Opinion | Google Maps is easing travel but ruining the journey
4 min read 19 Feb 2020, 11:41 PM ISTDigital maps are now more than just navigational tools to us but the instructions they spew spoil our singalongs

Here’s a simple solution to stop nations battling over border disputes: Accept Google Maps, the world’s most-commonly used navigation tool that began life as a C++ desktop program in 2003 at a Sydney-based startup, Where 2 Technologies, as the final arbitrator of national boundaries. In fact, the platform, which has so far mapped more than 220 countries with information on 200 million places and businesses, is already doing its bit.
A recent report in The Washington Post says that Google and other mapmakers ensure the world’s borders look different depending on where someone is viewing them from. Effectively, therefore, the 72-year-old struggle between India and Pakistan over who owns which part of Kashmir has been entirely resolved by the simple expedient of WYWSWYG (What you want to see is what you get). As the report says: “From Argentina to the United Kingdom to Iran, the world’s borders look different depending on where you’re viewing them from. That’s because Google —and other online mapmakers—simply change them."
For old-time users of physical maps, this should come as no surprise. We’ve all seen foreign books and magazines where maps of Asia or India have been stamped “the external boundaries of India depicted on this map are neither accurate nor authentic". As the Post story says, local laws call for adherence to the designated authority. In India, that’s the Survey of India.
Yet, there is a big difference between those warnings of yore and the present digital flexibility. Fifteen years to the month that Google launched the brothers Lars and Jens Rasmussen’s idea of a dynamic map application in the commercial space, it now controls our mobile lives in ways that might once have been considered criminal or creepy, or both. Not only do we follow driving and navigating instructions issued by Google Maps while we are commuting, we are also served a monthly notice of all the places we have visited. Called Timeline, it gives excruciating details of all the cities one has travelled to, places one has been to, as well as kilometres walked and spent in transit. It’s the price you have to pay for keeping your location history on. Old-fashioned stalking doesn’t even begin to describe what’s going on.
Yet, what would we do without it? Digital maps aren’t just a navigational tool. They are an integral part of our planning for a trip whether for business or pleasure. By predicting how crowded a bus or a subway train will be (a feature not yet available in India) or which bike-sharing locations have available bikes, they have added a whole new dimension to our travel.

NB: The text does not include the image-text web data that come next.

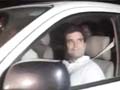 rahul-gandhi-in-gaucher-120.jpg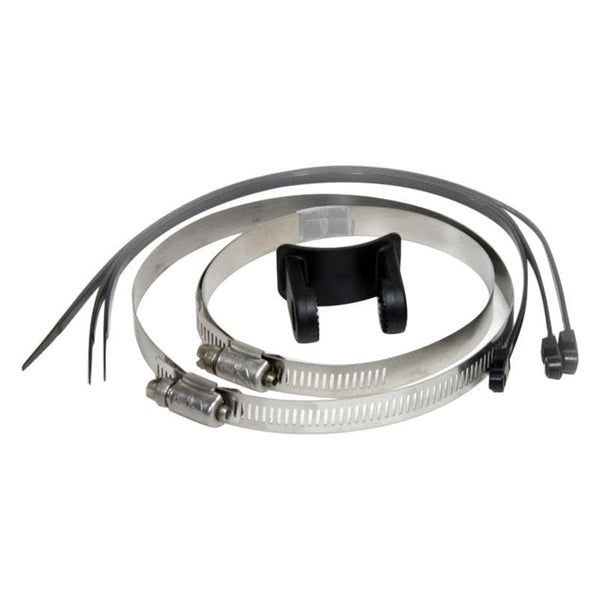 Humminbird Trolling Motor Adapter For XNT Transducer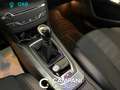 Peugeot 308 5 Porte 1.2 PureTech Turbo Style Gris - thumbnail 17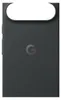 Google Pixelsnap, Pokrowiec, Google, Pixel 10/Pixel 10 Pro, Podgląd zdjęcia produktu 5
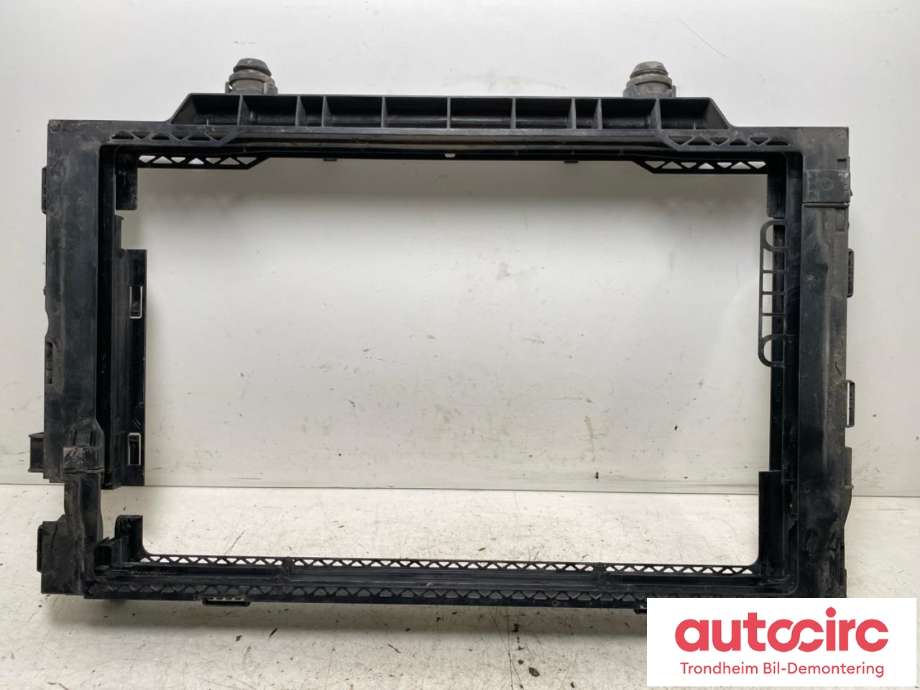 Aircondition diverse til Jaguar I-PACE 2018-->>  (..|J9D3-19E839-AB|T4K9609|J9D38B680AA)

Should we then draw the line at the redrawing of national borders based on location? The correct on-ground position would be to have completely different markings for undisputed and disputed borders. But, who in this era of hyper nationalism would have the nerve to do that? In any case, it is fair to say that Google isn’t in the business of tip-toeing over diplomatic landmines. China, for instance, has a border dispute with virtually each of its neighbours, so what is a map to do? It helps then that Google Maps isn’t officially available in China, though, of course, every hacker worth his salt can get through the country’s much vaunted firewall to see how Aksai Chin has been represented.
It is the nature of new-age digital startups to provide customers the services they are seeking by using the very data that is embedded in them. Google isn’t the only company that uses such data on its users’ identity to alter, as it were, her experience.
There has always been the suspicion among users that ride-sharing companies like Uber use information on the battery level on their phone while they are booking a cab to push surge-pricing of a fare. Uber and other such companies have always denied this charge, though they have accepted that such data is available to them and is used to place the app in battery-saving mode, but not to play on the human tendency to grab even a pricey ride on offer if the phone is going to go off. Nor is this restricted to gullible customers like me and you. A March 2017 investigation by The New York Times revealed how Uber used a tool called Greyball for collecting data to identify and circumvent law-enforcement officials who were trying to clamp down on some of its illegal services. The program allowed the company to serve a fake version of the app, populated with ghost cars, to officers who had hailed a cab and were studying its pattern of movement on their phones.
It is standard practice too for news sites to offer different views of the same news item, and because they choose news sources depending on who’s reading, you often get the opposite view from someone else. And it’s usually one that conforms to your own perspectives and beliefs.
Quantum theory says that the existence of electrons depends on where the observer is. Powerful apps like Google Maps may well be creating a Matrix-like make-believe world in which facts change based on who’s looking. But at a time when reality itself is mostly out for lunch, we do get what we want.
My only complaint is that the constant stream of road instructions that it spews forth while I am driving has almost put an end to my budding career as a crooner. After all, Chaudhvin Ka Chaand Ho doesn’t quite sound the same when it is constantly interrupted by commands like “in 400 metres take the third exit at the next roundabout.